[EXERCISE MATERIALS Boundary: Start]

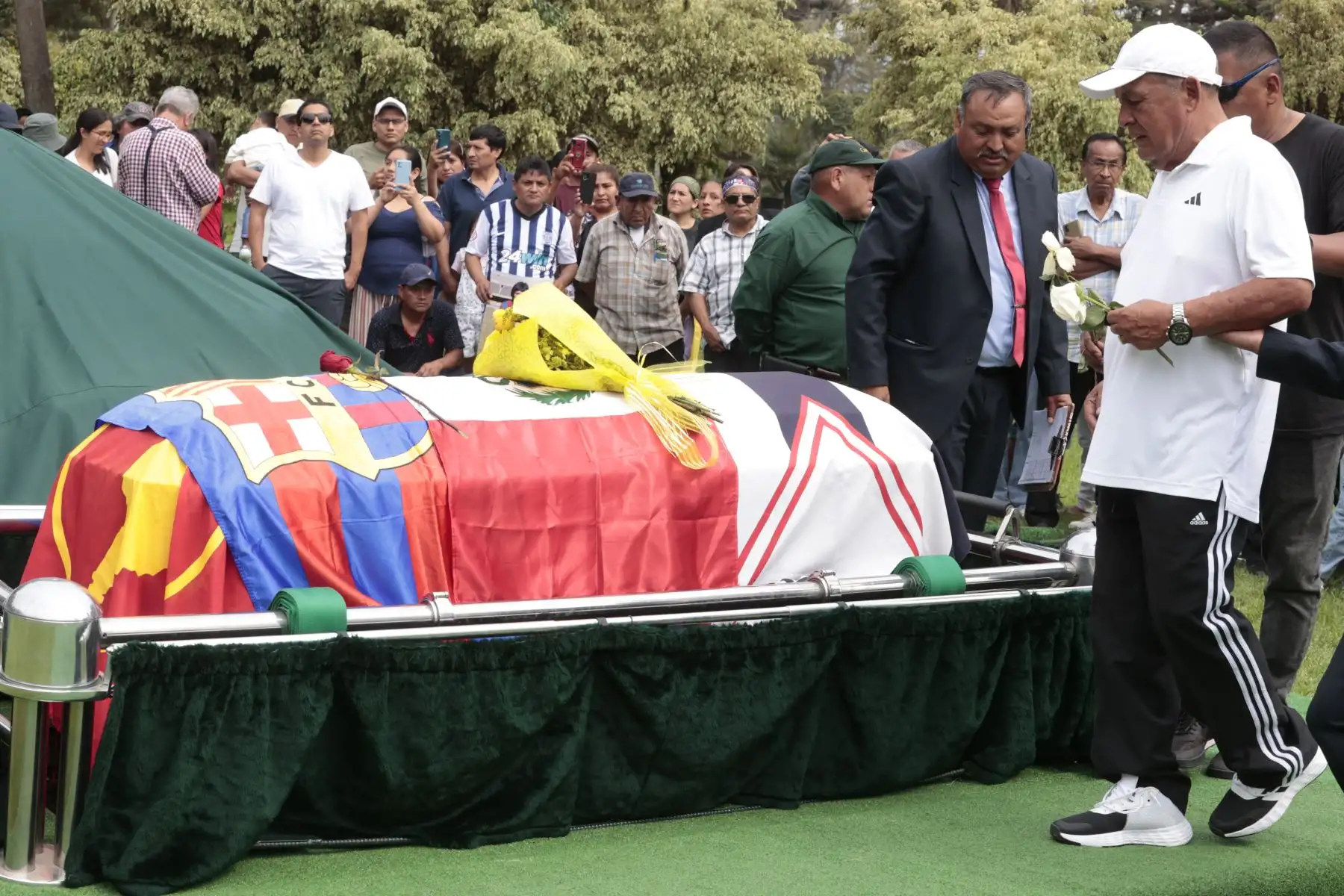 Familia e hinchas le dan el último adios al Cholo Sotil en Campo Fe de Huachipa. Foto: ANDINA/Vidal Tarqui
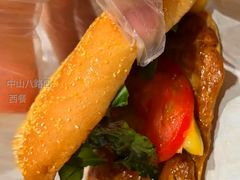 延边风味芝芝板烧鸡腿堡-麦当劳(中山八路店)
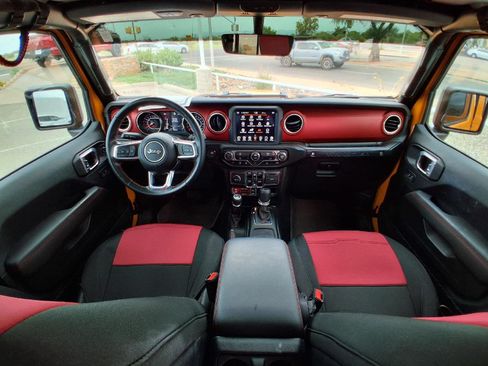 Used 2021 Jeep Wrangler Unlimited Rubicon AWD/4WD image 22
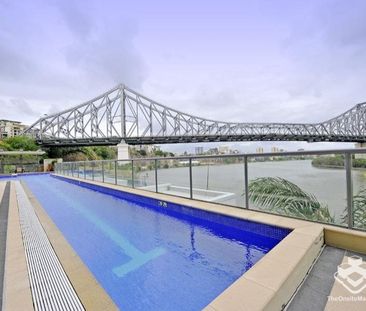 Riverfront Unfurnished Two Bedroom Two Bathroom Apartment - Photo 2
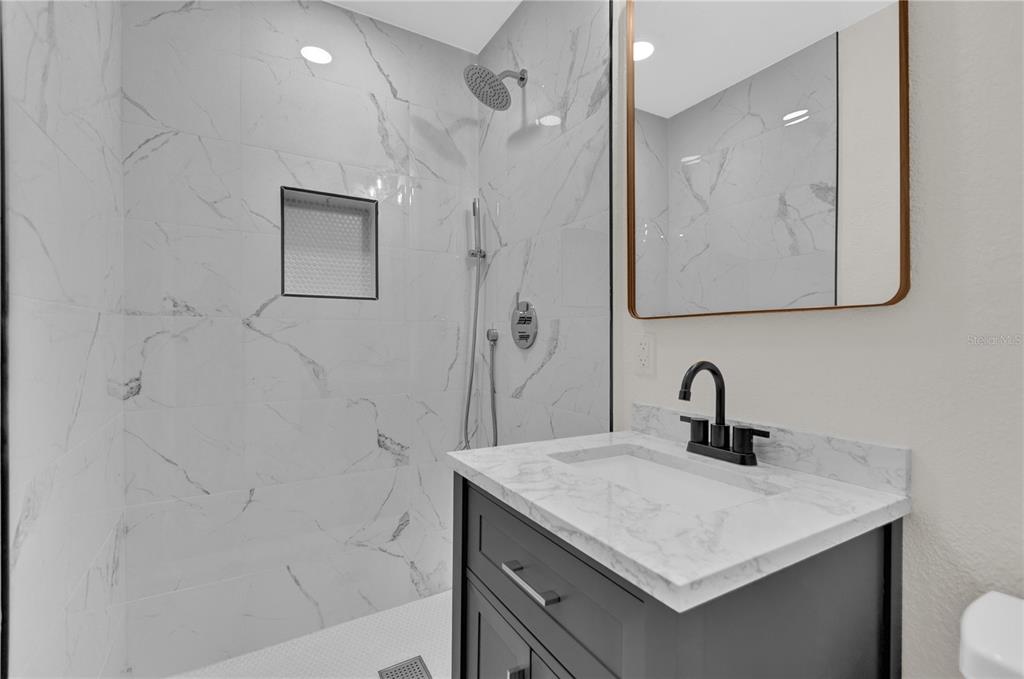 4823 Cedar View Road Orlando, FL 32808 - Photo 16 of 27 Gallery Image 16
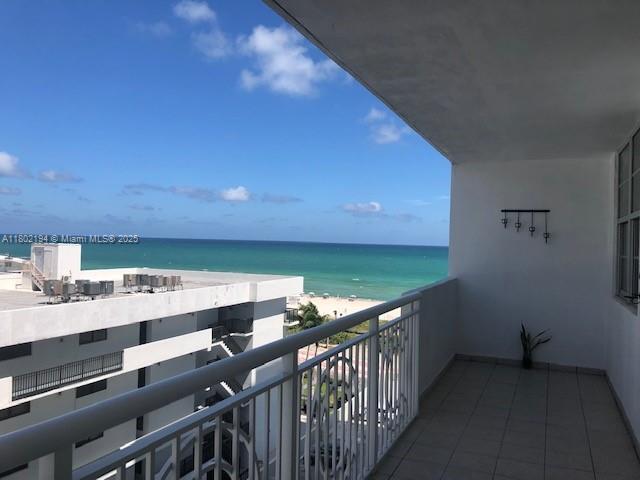 5825 Collins Ave in Miami Beach, FL - Building Photo - Building Photo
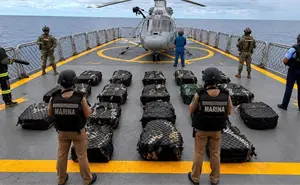 Cinco personas navegaban frente a Guerrero cuando la Marina descubrió lo que transportaban; el golpe fue de 180 millones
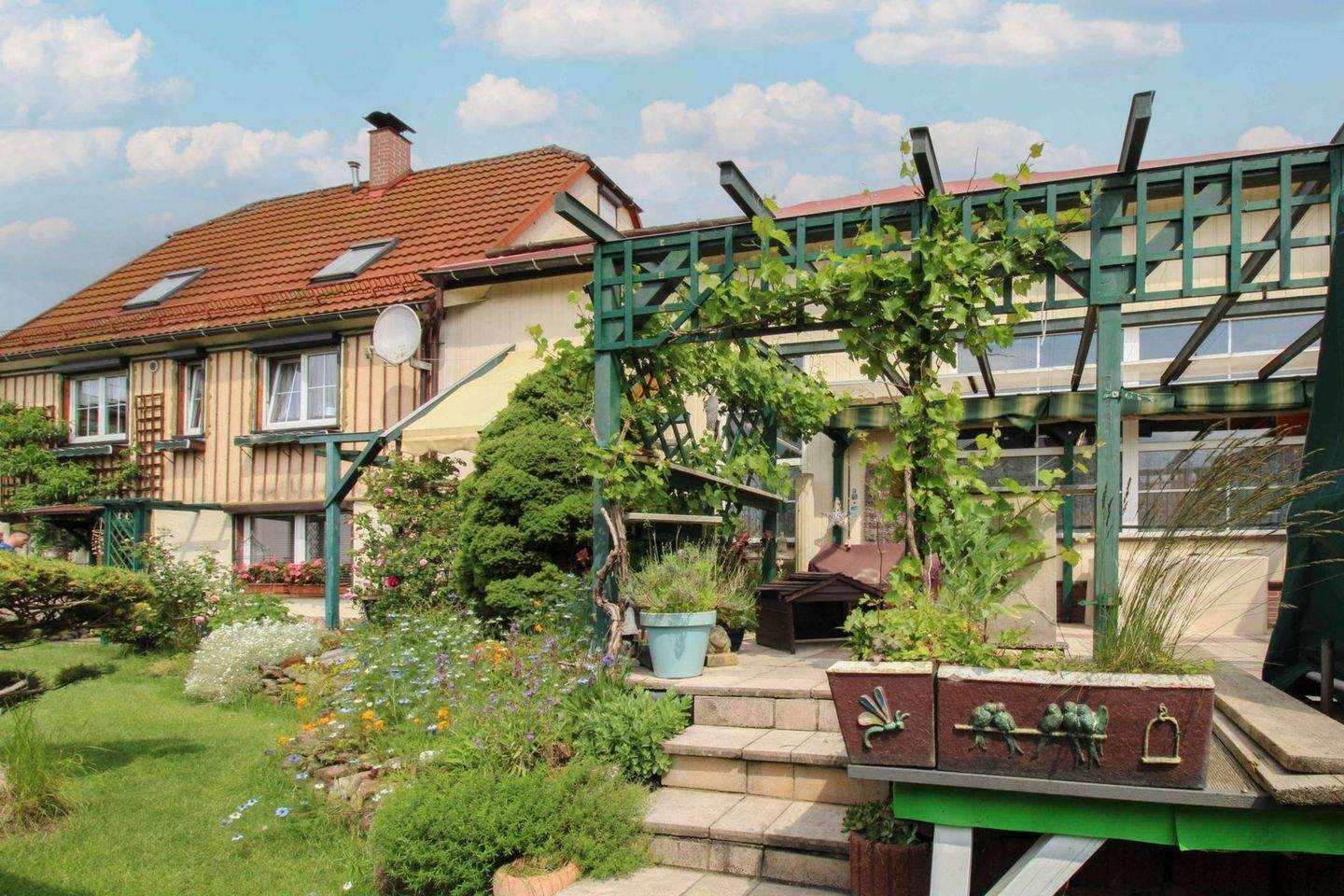 Wohnen und Arbeiten an einem Ort! EFH mit Werkhalle, Garten, und Garage – Chemnitz – Bild 1 von 9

[EXERCISE MATERIALS Boundary: End]

» TASK DETAILS: Each line from the first line of the listing through the line with "Used 2021 Jeep" must be printed exactly, both ends included, and no picture may appear.

» WRITTEN ANSWER:
 Familia e hinchas le dan el último adios al Cholo Sotil en Campo Fe de Huachipa. Foto: ANDINA/Vidal Tarqui
 延边风味芝芝板烧鸡腿堡-麦当劳(中山八路店)
 Used 2021 Jeep Wrangler Unlimited Rubicon AWD/4WD image 22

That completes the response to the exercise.